Artı Gerçek - Cumhurbaşkanı Başdanışmanı ve Cumhurbaşkanlığı Hukuk Politikaları Kurulu Başkanvekili Mehmet Uçum, "Tartışma yeri TBMM. Süreci kimsenin zehirlemesine müsaade edilmemeli" açıklamalarına sosyal medya hesabı üzerinden cevap verdi.

Paylaşımında, "Yeni anayasayı kanun olarak yapmak münhasıran TBMM’ye aittir" ifadelerini kullanan Uçum, "Hiç kimse, hiç bir merci TBMM’nin yeni anayasa yapma yetkisini tartışamaz, bu yetkiye ortak olamaz. Sadece Cumhurbaşkanı yeni anayasa kanununu Meclise geri gönderme ve/veya zorunlu yahut ihtiyari olarak referanduma sunma yetkileriyle sürece dahil olur.
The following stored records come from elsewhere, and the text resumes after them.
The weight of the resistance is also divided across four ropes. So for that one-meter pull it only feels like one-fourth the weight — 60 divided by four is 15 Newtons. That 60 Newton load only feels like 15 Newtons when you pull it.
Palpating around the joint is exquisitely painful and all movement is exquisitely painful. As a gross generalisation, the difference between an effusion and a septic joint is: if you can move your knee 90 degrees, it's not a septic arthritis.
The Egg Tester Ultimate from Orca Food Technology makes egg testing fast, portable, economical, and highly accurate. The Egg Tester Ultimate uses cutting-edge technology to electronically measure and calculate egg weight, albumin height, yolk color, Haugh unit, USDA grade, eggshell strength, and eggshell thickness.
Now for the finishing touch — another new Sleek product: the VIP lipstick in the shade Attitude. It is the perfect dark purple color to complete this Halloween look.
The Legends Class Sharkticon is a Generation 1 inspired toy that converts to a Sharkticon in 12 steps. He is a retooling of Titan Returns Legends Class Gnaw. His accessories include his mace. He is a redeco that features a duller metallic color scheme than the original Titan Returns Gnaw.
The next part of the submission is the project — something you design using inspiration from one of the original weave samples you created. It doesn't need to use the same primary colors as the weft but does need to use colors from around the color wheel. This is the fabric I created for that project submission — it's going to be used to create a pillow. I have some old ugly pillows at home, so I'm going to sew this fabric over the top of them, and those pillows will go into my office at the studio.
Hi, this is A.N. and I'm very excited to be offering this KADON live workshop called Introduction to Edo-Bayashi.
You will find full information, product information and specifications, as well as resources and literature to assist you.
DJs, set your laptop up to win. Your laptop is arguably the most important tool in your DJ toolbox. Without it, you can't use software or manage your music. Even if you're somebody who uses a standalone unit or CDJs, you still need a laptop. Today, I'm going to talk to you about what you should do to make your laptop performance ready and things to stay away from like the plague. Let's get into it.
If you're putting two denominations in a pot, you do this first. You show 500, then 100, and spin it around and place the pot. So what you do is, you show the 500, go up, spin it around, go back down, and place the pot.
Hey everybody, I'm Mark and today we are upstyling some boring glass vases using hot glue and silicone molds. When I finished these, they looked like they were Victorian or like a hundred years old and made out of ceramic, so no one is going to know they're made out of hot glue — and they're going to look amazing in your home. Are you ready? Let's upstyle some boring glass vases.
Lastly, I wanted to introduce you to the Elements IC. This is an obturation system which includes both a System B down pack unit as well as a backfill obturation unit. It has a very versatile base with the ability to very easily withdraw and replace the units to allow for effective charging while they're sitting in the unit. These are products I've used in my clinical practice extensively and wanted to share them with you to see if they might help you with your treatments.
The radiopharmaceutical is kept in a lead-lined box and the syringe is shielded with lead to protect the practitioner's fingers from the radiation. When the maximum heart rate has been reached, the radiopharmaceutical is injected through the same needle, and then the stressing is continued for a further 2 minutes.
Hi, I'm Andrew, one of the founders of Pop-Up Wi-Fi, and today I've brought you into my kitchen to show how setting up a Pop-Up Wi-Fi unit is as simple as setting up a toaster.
Ancak sistemin böyle olması diğer devlet kuruluşlarının ve toplumun yeni anayasa konusunda görüş açıklamasına, sürece ilişkin düşüncelerini paylaşmasına, tartışmalara katılmasına engel değildir. TBMM’nin sistemdeki rolü kanun tekeline sahip olmaktır, fikrin tekeline değil. Fikir sahibi her kurum, kuruluş, sosyal kesim, sivil toplum, demokratik siyasi mecralar tabiki fikirlerini ifade edecektir, her türlü yasama sürecine katkı yapmak isteyecektir ve katkı da yapacaktır. Bu durum vatandaş inisiyatifli demokratik bir toplum olmanın asgari gereğidir. Yeni anayasa sürecinin fikri boyutunu ve fikri çalışmalarını sadece Meclisle sınırlamak hiç kimsenin kabul edeceği, uygun göreceği bir yaklaşım olamaz" dedi.

Yeni anayasa kanununun 400 ve daha fazla oyla kabul edilmesi halinde referanduma sunulmadan yürürlüğe girmesine yönelik görüşün "su götürür ve sorunlu" olduğunu ifade eden Uçum, "Meclis yeni anayasa kanununu 400 veya daha fazla oyla kabul etse dahi bu kanun mutlak surette referanduma sunulmalı ve halk yüzde elliden fazla bir oyla kanunu onaylarsa yeni anayasa yürürlüğe girmelidir. Yeni anayasa konusunda halkın asli kurucu irade olarak belirleyici rolünü oynaması ancak referandumla onay vermesiyle olur" ifadeelrine yer verdi.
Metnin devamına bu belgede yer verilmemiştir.